Im thinking of using Transformer models to classify other sequential data, namely time series data.
My idea is to feed fixed-sized sequences of time series value as input into a BERT-like model with a classification head. Since using pre-trained models probably makes no sense, I would train it from scratch. Since time series values are already numerical, am I right to think that tokenization isn’t needed? How can I assure that a BERT-kind model even understands the input without using the corresponding tokenizer? Is there anything else to know when wanting to control the classification head layers, apart from passing num_values?
What steps would I undergo for this task of time series classification? Any tips? Im grateful for any ideas. Perhaps someone already knows a repository/model? That would be extremly helpful.
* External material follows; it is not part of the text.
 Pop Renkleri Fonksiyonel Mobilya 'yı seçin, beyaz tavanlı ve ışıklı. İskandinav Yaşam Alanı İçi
@MJimitater I am currently trying to perform a similar experiment. Here were my thoughts:
Given the data already comes in a fixed size, I did not perform any tokenization. This is mainly due to the fact that the data I have comes with labels, so I opted not to perform the self-supervised learning protocol that BERT did. This seems to be different than your situation.
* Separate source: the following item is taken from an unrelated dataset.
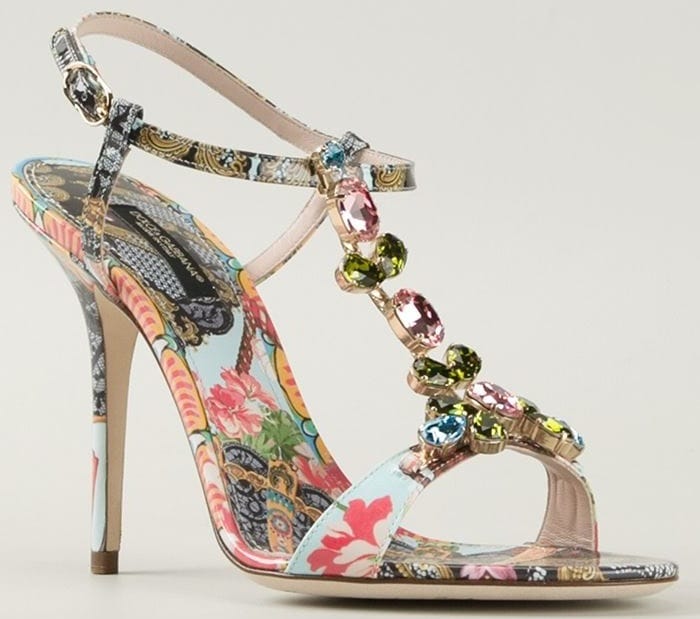 Dolce & Gabbana Floral Fans Embellished Sandals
To inform the model of the sequential nature of the time series, I began implementing Time2Vec. My thinking was this would take the place of the positional embeddings referenced in the original BERT paper.
Effectively what I did was copy the architecture of the BERT base model, replace the learning objective with supervised learning (since I have labels), and put a linear classification head on top. I did not introduce a CLS or SEP token.
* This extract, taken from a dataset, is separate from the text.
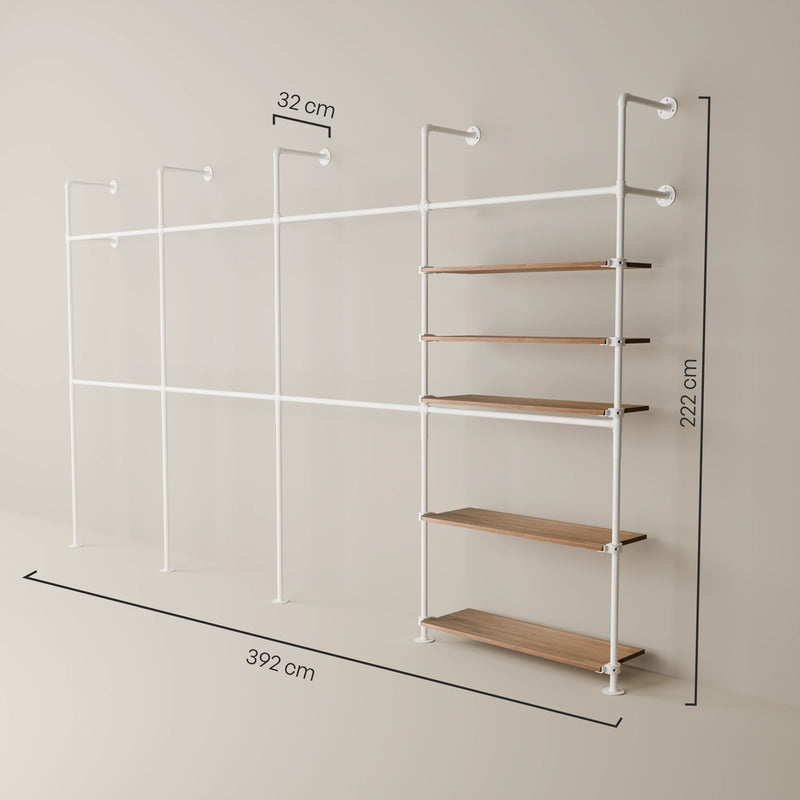 KIM DOUBLE 4 OAK – 5 planken | wit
I wrote this architecture in pytorch using their modules as I wasn’t sure about doing any hacking to the HF models. That being said, it wasn’t that complicated and pytorch has some really good examples to pull from. Being that my model is written in pytorch and follows a pytorch-style training loop, one may elect to use the HF Accelerate library (which I did) to perform distributed training.
Currently my model is training and I suspect it will take a while to reach any acceptable level of accuracy, so I don’t have any particular numbers to report at the time. However, the loss does seem to be decreasing with each epoch!
I realize this is an older post, but if you had any insight into your problem and wouldn’t mind sharing I’d be happy to hear it!